Ich liebe den Herbst. Die Blätter fallen von den Bäumen, ich feiere Geburtstag und die Sommerliebhaberinnen und -liebhaber tragen immer noch kurze Hosen. So weit, so gut – wäre da nur nicht Halloween!
Klar, meine Freude gegenüber orangen Dingen aus Amerika ist in den vergangenen Jahren sicherlich nicht gestiegen. Wenn nun aber Kinder mit fixfertigen Fasnachtskostümen vor meiner Haustüre nach Süssigkeiten betteln, habe ich damit so meine liebe Mühe. Als ich noch klein war, musste ich eine Herbstrübe schnitzen und mit Teelicht bestückt über eine Stunde durchs Dorf laufen. Und das für ein Paar Wienerli mit Brot. Auch wenn es im Songtext heisst: «Räbeliechtli, Räbeliechtli, wenn gosch hei? Wenn dä Biswind chunnt und mis Liechtli löscht, denn gangi wieder hei.», durfte keiner jemals früher nach Hause. Zugegeben, meist haben wir den Biswind durch Herumschwingen des Räbeliechtlis selbst verursacht.
Damit es nun aber auch die Halloween-Kinder nicht so einfach haben, gebe ich ihnen ganz bewusst keine Süssigkeiten. Ich gehe sogar noch einen Schritt weiter und gebe mich als Veganer aus. So können die Kinder meine Hausfassade nicht mit Eiern bewerfen und müssen auf Ersatzprodukte ausweichen. Ist eine klebrige Angelegenheit mit Apfelmus und Haferflocken. Weshalb sich die Kinder noch mit solch altmodischen Protestmethoden beschäftigen, ist mir aber ein Rätsel. Heutzutage gibt es doch viel effizientere Massnahmen. Wäre ich noch ein Kind und bekäme keine Süssigkeiten, würde ich mich beim Nachbarn einfach vor den Hauseingang kleben.
Auch wenn ich befürchte, dass unser Räbeliechtli langsam ausstirbt, hat Halloween dennoch positive Aspekte.
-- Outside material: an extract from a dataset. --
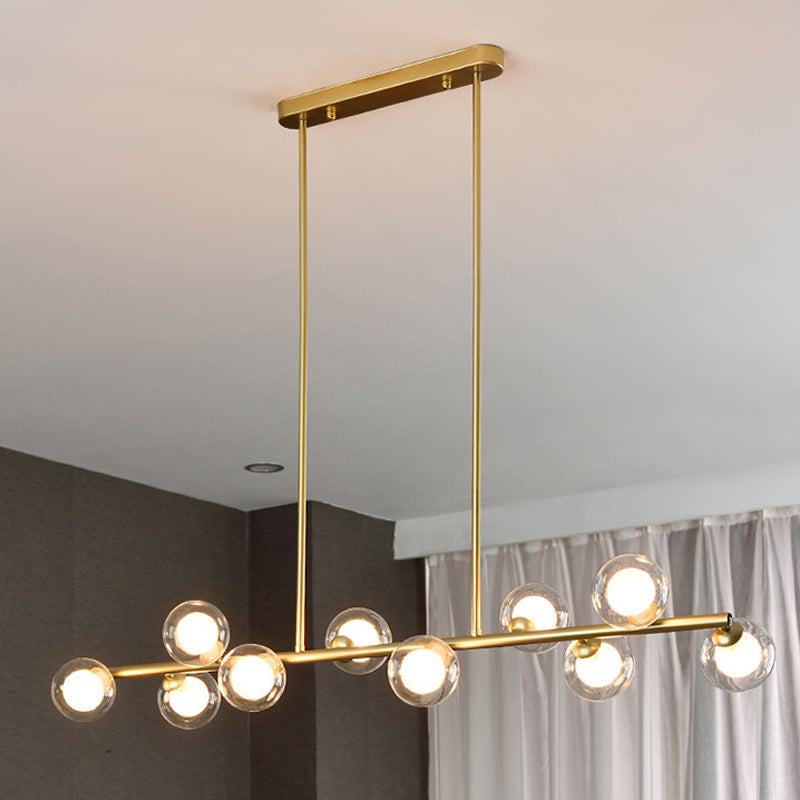 Modern Style Globe Shade Island Pendants Glass Pendant Lights for Dining Room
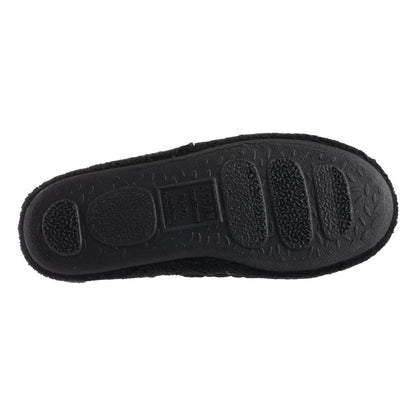 Women's Spa Quilted Clog in Black Bottom Sole Tread#color_black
Spass haben können endlich auch vegetarische Kinder: Anstelle von Wienerli gibt es am Ende Diabetes. Und auch gegen Foodwaste hilft das neue Brauchtum. Wenn die verkleideten Kinder vor meinem Hauseingang stehen und «Süsses oder Saures» sagen, habe ich endlich eine Verwendung für die überschüssige Süss-Sauer-Sauce meiner letzten Bestellung beim Asiaten.